→ DATA LISTING:
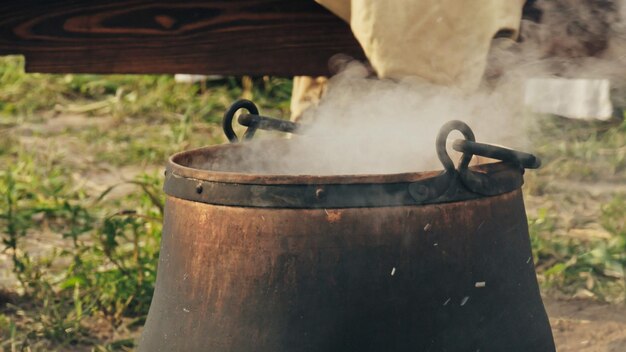 Cucina all'aperto, cucina sul rogo, calderone di metallo sul fuoco, primo piano. Ricostruzione storica del XIV-XV secolo, Fiandre.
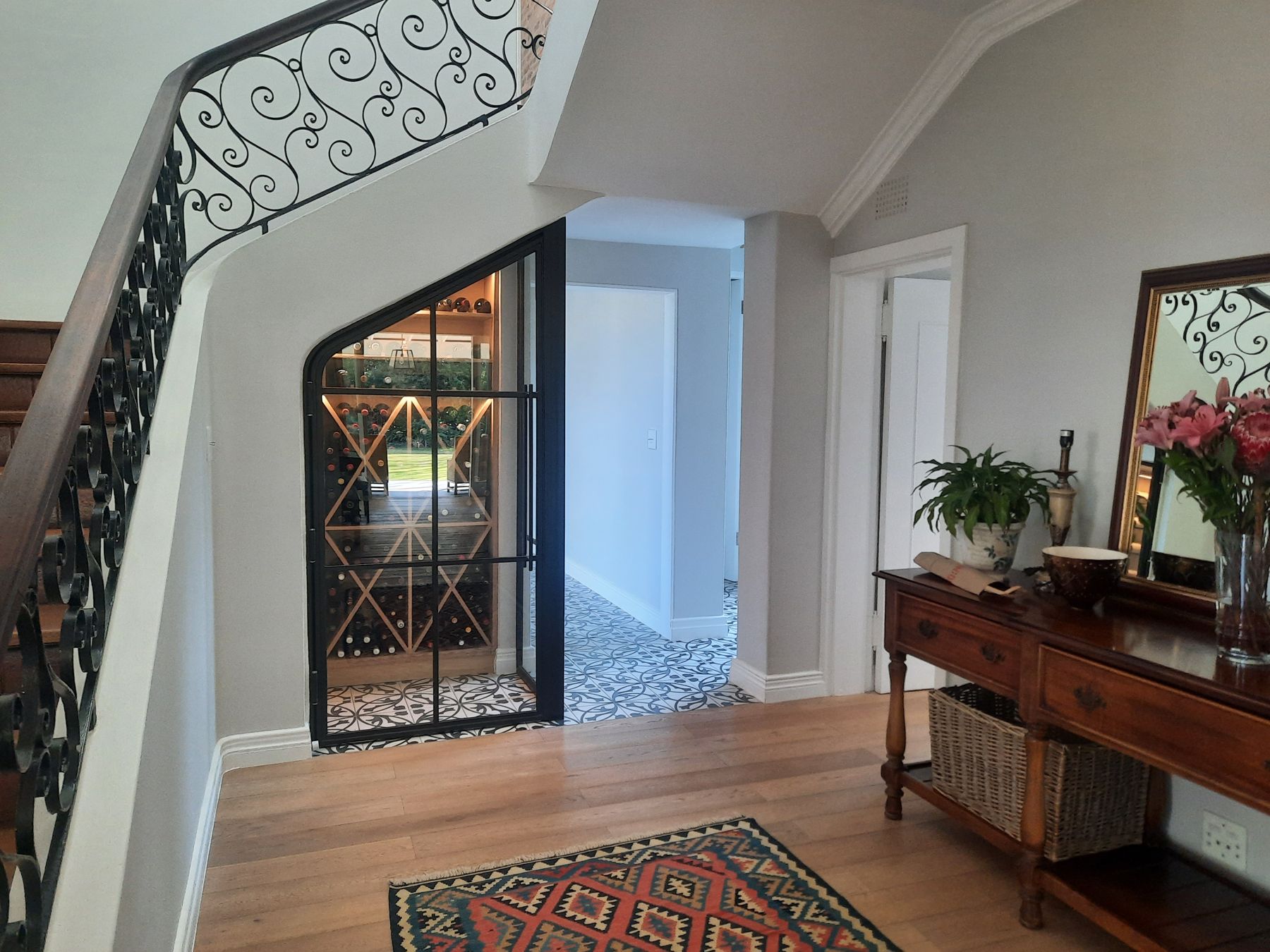 Glazed wine store beneath the new stair — Heritage house in Melrose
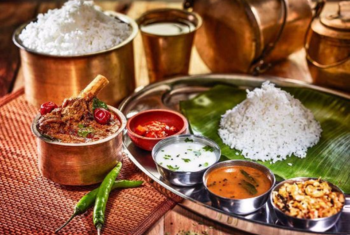 An assortment of rice, vegetables, and spices displays authentic flavors in various dishes.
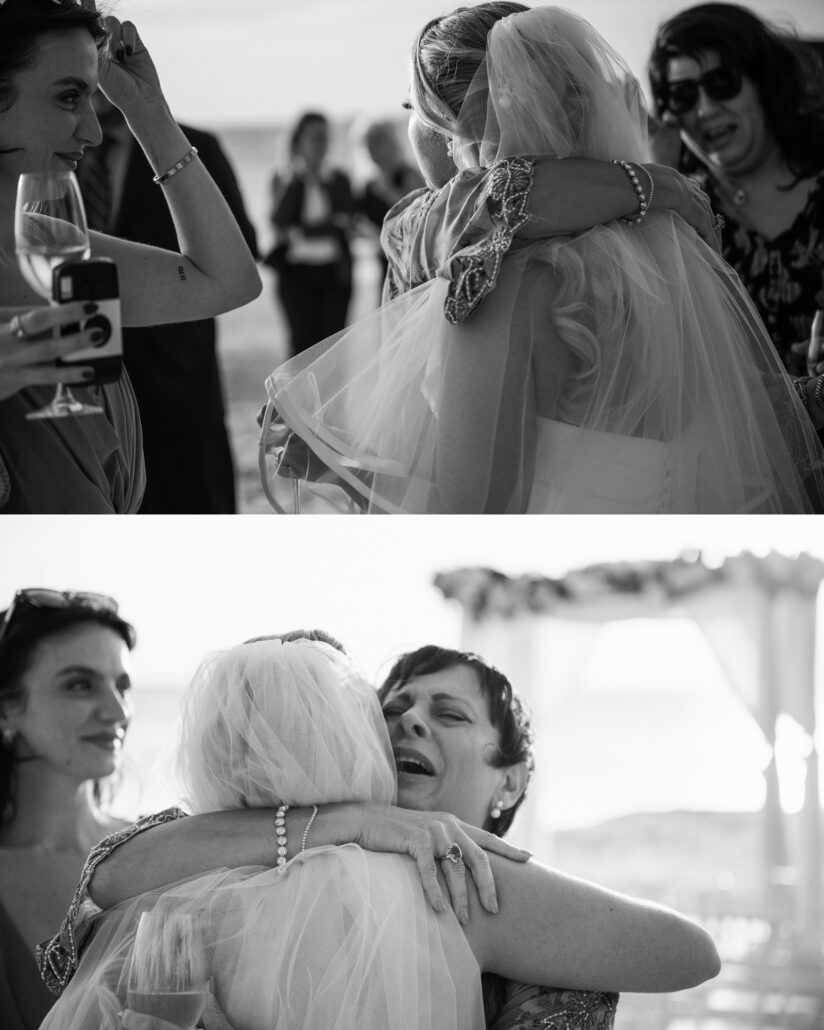 In black and white, guests pull the bride into long hugs after the beach wedding ceremony, a friend beside them holding a wine glass and a phone.
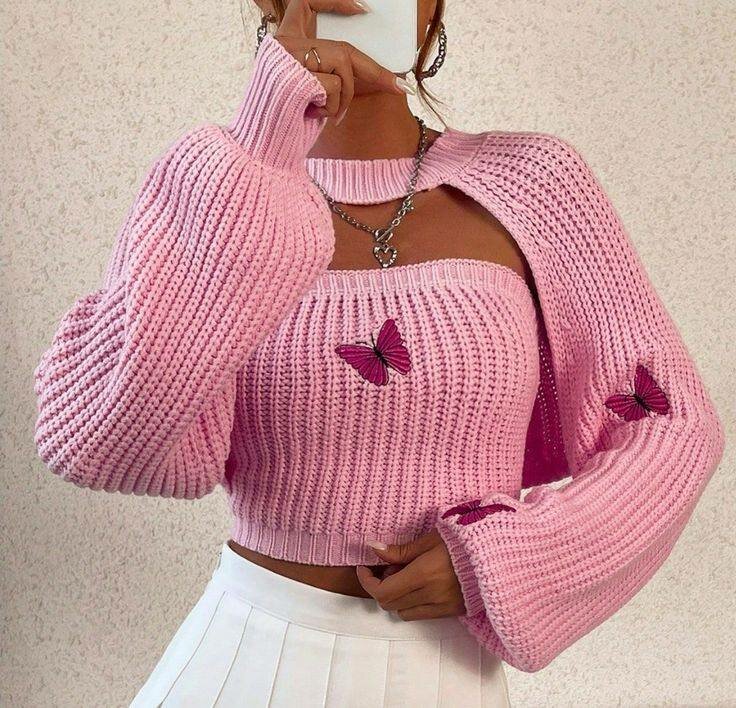 Pull rose papillon femme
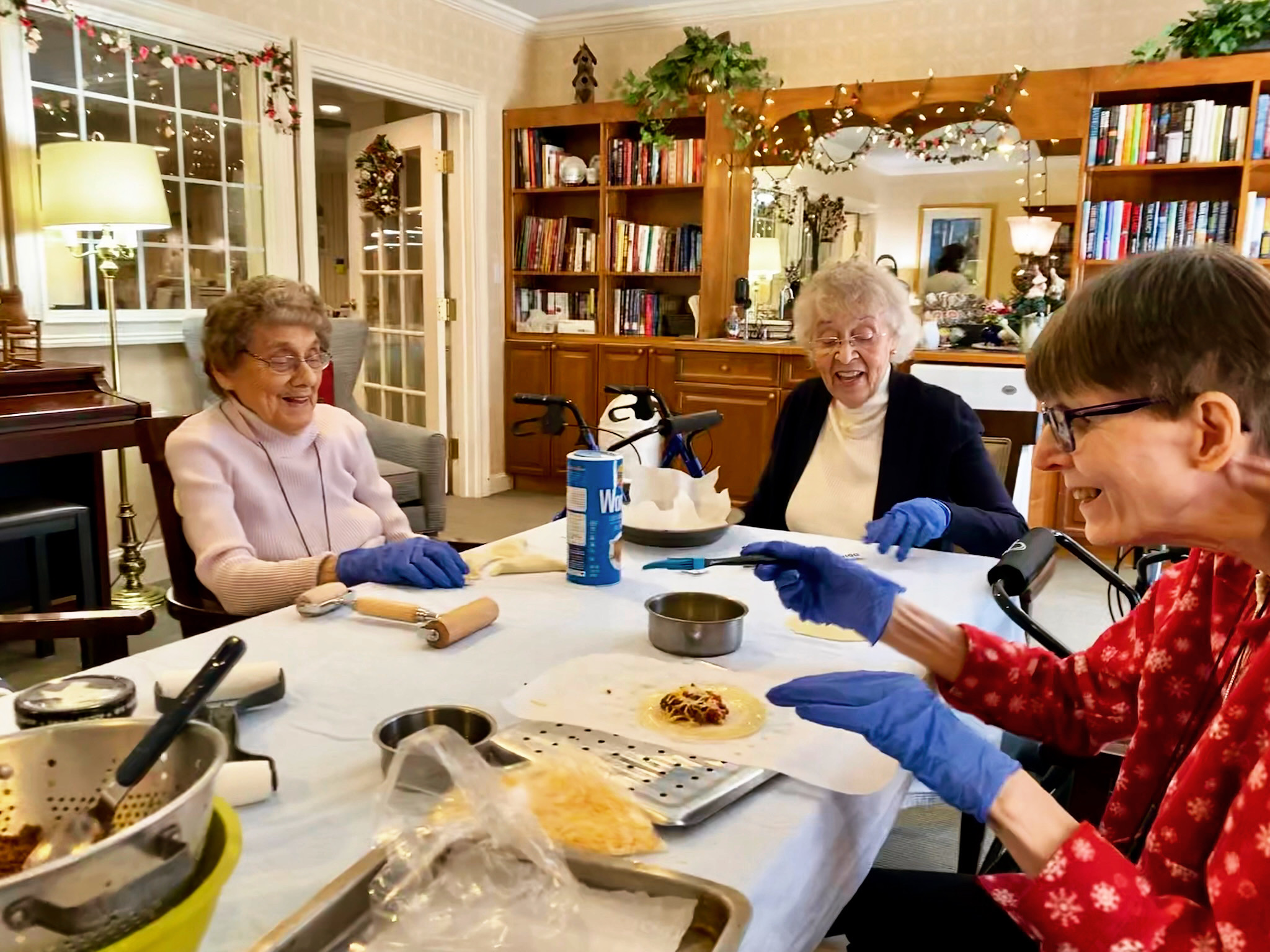 Residents engaged in a cooking activity together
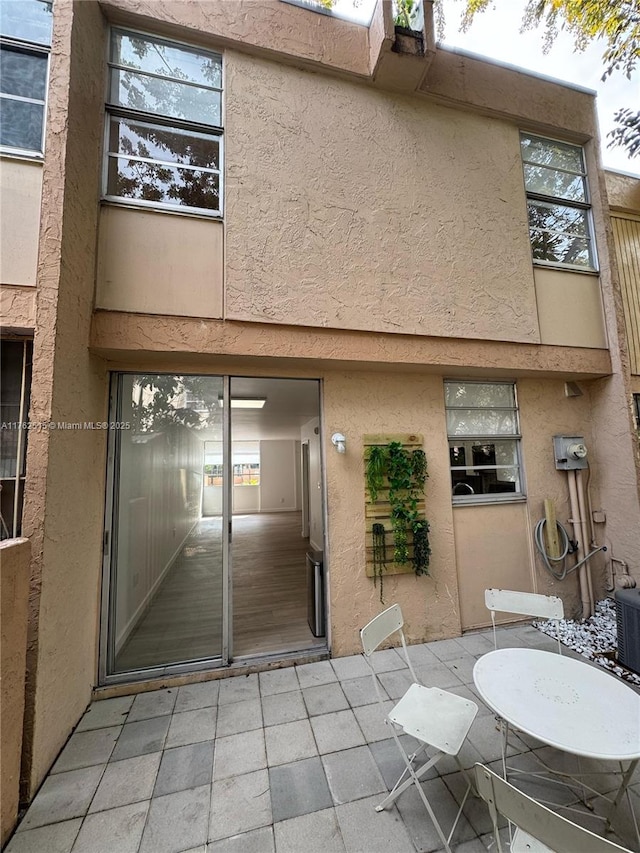 back of property featuring stucco siding and a patio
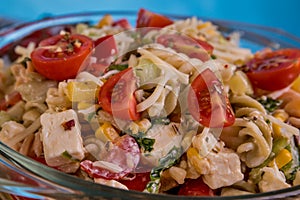 Delicious pasta salad or Mediterranean salad. Tomatoes with mozzarella basil corn spice and olive oil on a wooden table.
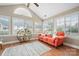 Bright sunroom with vaulted ceilings, ample windows, and a comfortable couch for relaxation at 824 Wynnshire Dr # D, Hickory, NC 28601
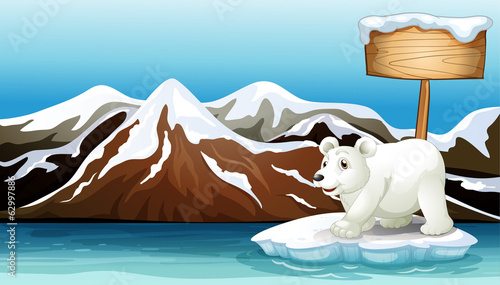 An iceberg in the ocean with an empty signboard and a Polar bear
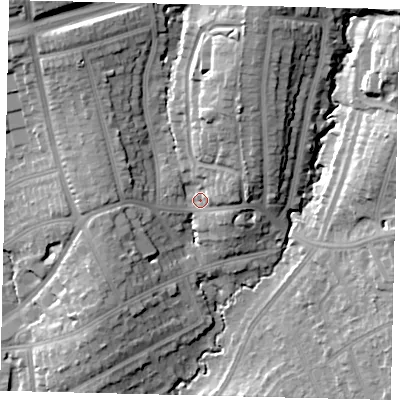 Shaded relief map of the ground around HA89PZ, computed from Environment Agency LiDAR. The ground here sits at about 59 m above sea level and falls 21 m across the surrounding 800 m. Surface water reaching this point runs off ground lying to the north-north-east, 13.6 m higher.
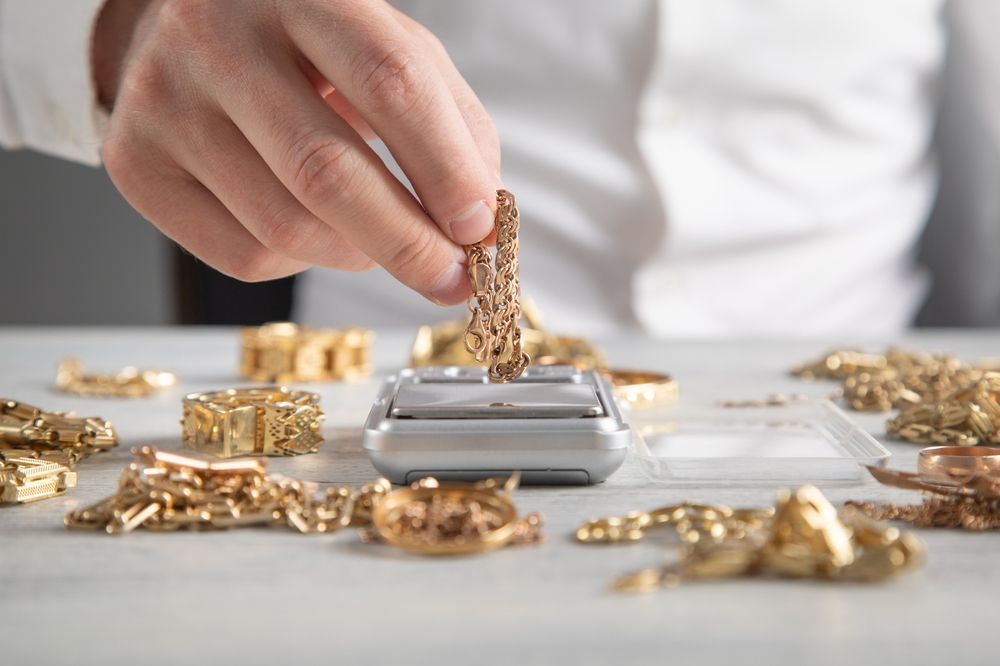 Una mano coloca joyas de oro sobre una báscula digital entre piezas de oro esparcidas sobre una mesa.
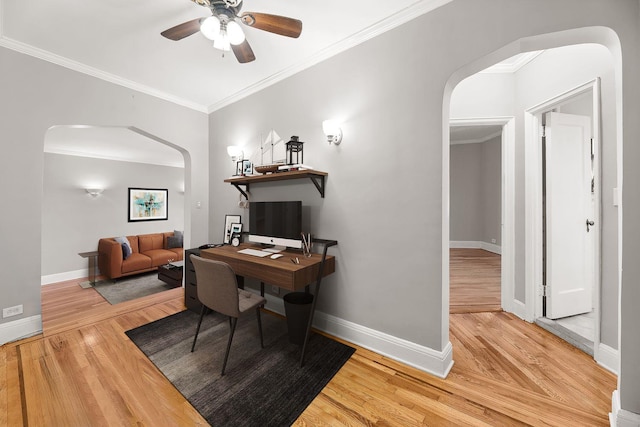 office featuring wood-type flooring, ceiling fan, and ornamental molding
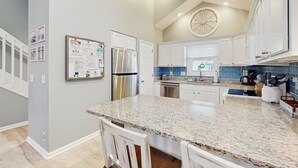 Una cocina moderna con encimeras de granito, armarios blancos, un refrigerador de acero inoxidable y un reloj en la pared.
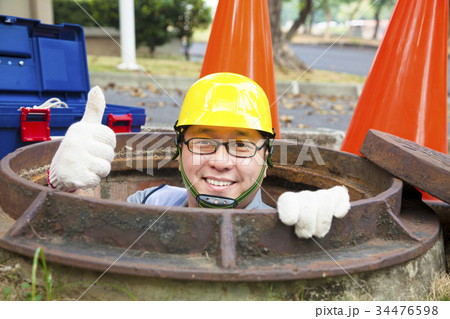 sewerage worker in the manhole with thumb up sewerage worker in the manhole with thumb up 34476598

→ WORK INSTRUCTIONS: From the first line above through the line containing "Residents engaged in", copy everything exactly, without the pictures.

→ RESULT OF THIS EXERCISE:
 Cucina all'aperto, cucina sul rogo, calderone di metallo sul fuoco, primo piano. Ricostruzione storica del XIV-XV secolo, Fiandre.
 Glazed wine store beneath the new stair — Heritage house in Melrose
 An assortment of rice, vegetables, and spices displays authentic flavors in various dishes.
 In black and white, guests pull the bride into long hugs after the beach wedding ceremony, a friend beside them holding a wine glass and a phone.
 Pull rose papillon femme
 Residents engaged in a cooking activity together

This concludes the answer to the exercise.